DATA EXTRACT START

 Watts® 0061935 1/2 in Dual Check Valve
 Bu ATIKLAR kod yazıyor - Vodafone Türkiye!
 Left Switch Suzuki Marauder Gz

DATA EXTRACT END
DATA EXTRACT START

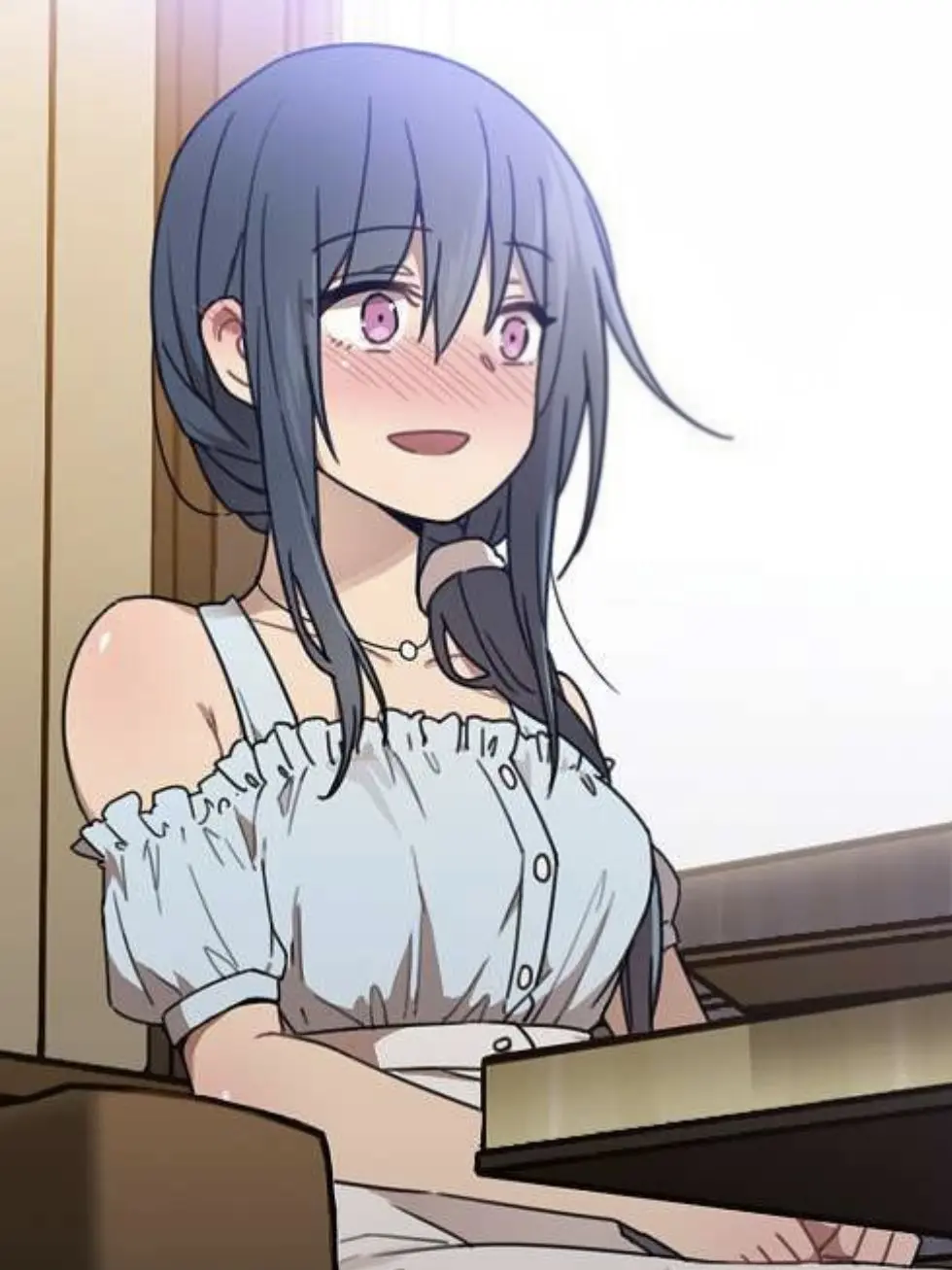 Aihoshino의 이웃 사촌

DATA EXTRACT END

Print exactly the lines above from the one with "Bu ATIKLAR kod yazıyor - Vodafone Türkiye!" to the one with "Left Switch Suzuki Marauder Gz", including both.

#### EXERCISE RESPONSE:
 Bu ATIKLAR kod yazıyor - Vodafone Türkiye!
 Left Switch Suzuki Marauder Gz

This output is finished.